[Task to carry out] In the listing below, locate the lines that hold "data" and copy them.

(Extracted information)

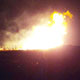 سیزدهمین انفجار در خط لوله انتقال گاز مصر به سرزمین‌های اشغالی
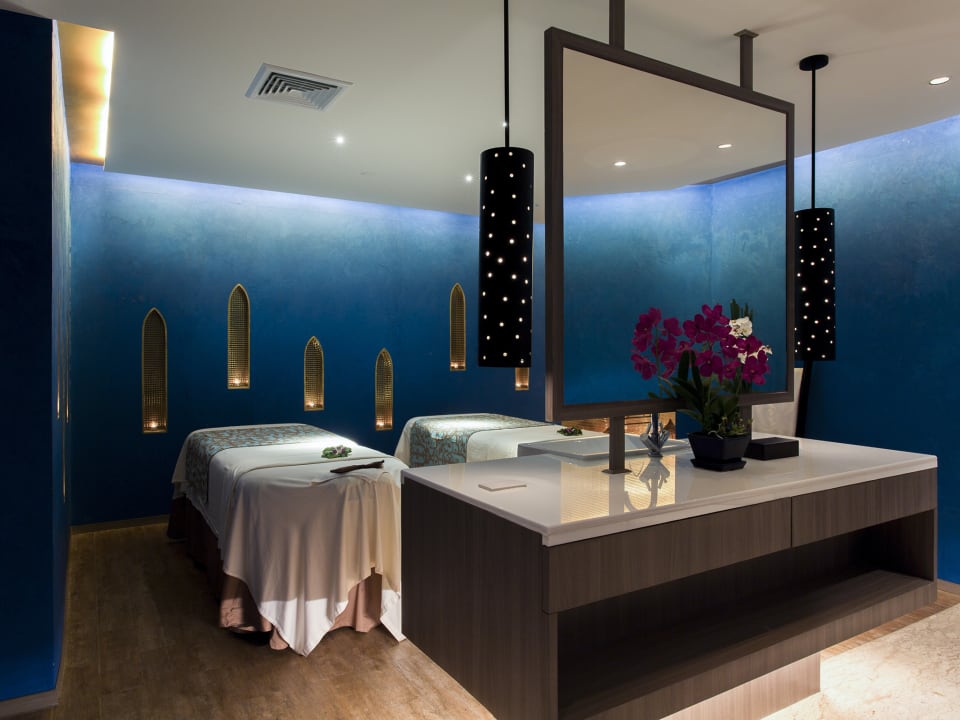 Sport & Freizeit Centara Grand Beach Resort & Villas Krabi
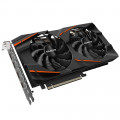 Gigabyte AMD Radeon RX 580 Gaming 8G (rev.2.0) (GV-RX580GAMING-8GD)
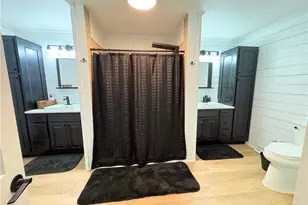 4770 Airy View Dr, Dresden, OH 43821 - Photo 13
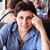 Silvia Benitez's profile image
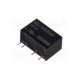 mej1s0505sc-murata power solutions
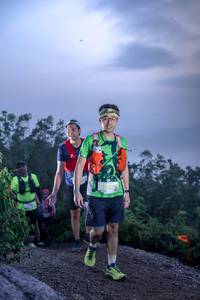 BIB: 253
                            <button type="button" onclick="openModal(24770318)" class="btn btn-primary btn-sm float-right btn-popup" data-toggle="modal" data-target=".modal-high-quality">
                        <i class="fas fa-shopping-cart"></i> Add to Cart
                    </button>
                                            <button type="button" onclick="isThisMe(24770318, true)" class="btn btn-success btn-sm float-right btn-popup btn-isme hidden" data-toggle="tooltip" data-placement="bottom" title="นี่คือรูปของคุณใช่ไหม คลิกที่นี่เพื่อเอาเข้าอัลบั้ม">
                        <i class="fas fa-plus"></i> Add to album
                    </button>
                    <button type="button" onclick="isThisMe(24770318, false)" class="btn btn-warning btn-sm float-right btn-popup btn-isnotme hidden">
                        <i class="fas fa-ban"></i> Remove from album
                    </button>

(End Extracted information)

[Exercise result]
                            <button type="button" onclick="openModal(24770318)" class="btn btn-primary btn-sm float-right btn-popup" data-toggle="modal" data-target=".modal-high-quality">
                                            <button type="button" onclick="isThisMe(24770318, true)" class="btn btn-success btn-sm float-right btn-popup btn-isme hidden" data-toggle="tooltip" data-placement="bottom" title="นี่คือรูปของคุณใช่ไหม คลิกที่นี่เพื่อเอาเข้าอัลบั้ม">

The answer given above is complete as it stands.